Out-Law Analysis | 27 May 2010 | 2:47 pm | 4 min. read
The Office of Fair Trading is the Government's consumer and competition authority. That it sees no need for Government regulation in behavioural advertising is great news for online publishers and advertisers. In my view, that is good for consumers too, because it helps to keep content free.
The biggest change demanded in the report is that ads selected according to someone's browsing behaviour should be labelled. That's a sensible step, and one that UK trade body the Internet Advertising Bureau (IAB) was taking already.
What surprised me more was another, less significant feature of the report: the OFT says that viewing a website is a transactional decision for the purposes of the Consumer Protection (Unfair Trading) Regulations, known as the CPRs.
The CPRs came into force in 2008. They say that if a consumer changes its mind in relation to a transaction as a result of misinformation or lack of information, there can be an offence, punishable by anything up to two years in prison for the directors of the company.
The report says:
"The OFT interprets transactional decision widely and believes it encompasses, for example, the decision to view a website. So not informing a consumer about the collection of information about their browsing behaviour could breach the CPRs if that knowledge would have altered their behaviour, perhaps by dissuading them from visiting that website."
The OFT is not just saying that its worried about information or a lack of information influencing a decision to buy something on a website; it's talking about it influencing a decision just to visit a site, whether the site sells things or not.
In my view, this goes further than the CPRs intended. The CPRs define "transactional decision" but the definition is focused, as you might expect, on transactions.
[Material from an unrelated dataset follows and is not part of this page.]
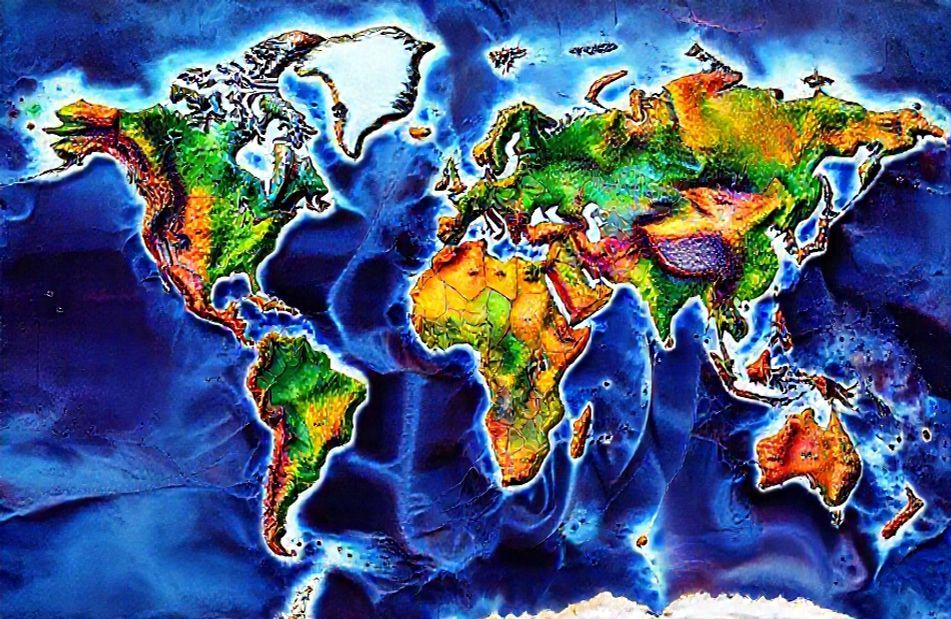 World Map Wallpaper High Resolution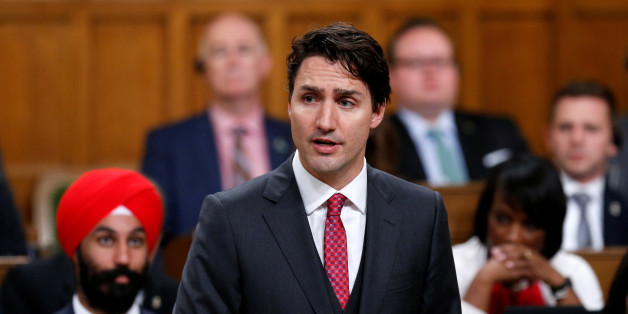 Canada's Prime Minister Justin Trudeau delivers a formal apology for the Komagata Maru incident in the House of Commons on Parliament Hill in Ottawa, Canada, May 18, 2016. REUTERS/Chris Wattie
Here's what you find in the CPRs:
“transactional decision” means any decision taken by a consumer, whether it is to act or to refrain from acting, concerning—
(a) whether, how and on what terms to purchase, make payment in whole or in part for, retain or dispose of a product; or
(b) whether, how and on what terms to exercise a contractual right in relation to a product.
I don't see how that can be interpreted to include a decision to view a website, especially if the site isn't selling anything.
Only a court can decide for sure, but still, the fact that the OFT has taken this view is noteworthy. Will it influence OFT policy in other areas, beyond behavioural advertising? At this stage, we don't know.
Does this mean that sites failing to label their behavioural ads – i.e. most big websites – are presently breaching the CPRs in the view of the OFT? Apparently not.
The report suggests that to hide a profiling disclosure in a privacy statement could breach the CPRs "if consumers would have taken a different decision, such as visiting or buying from other websites, had they known about it." But the OFT stops short of alleging a massive breach of the CPRs because most people, according to its research, are not upset by unlabelled behavioural ads.
Its report says:
"At present, with the exception of behavioural advertising via DPI [Deep Packet Inspection – which nobody is doing at present in the UK], it is not clear that information on behavioural advertising will result in consumers changing their behaviour. Current practices may not, therefore, breach the CPRs, although each case would have to be assessed according to facts, particularly if practices develop further in future."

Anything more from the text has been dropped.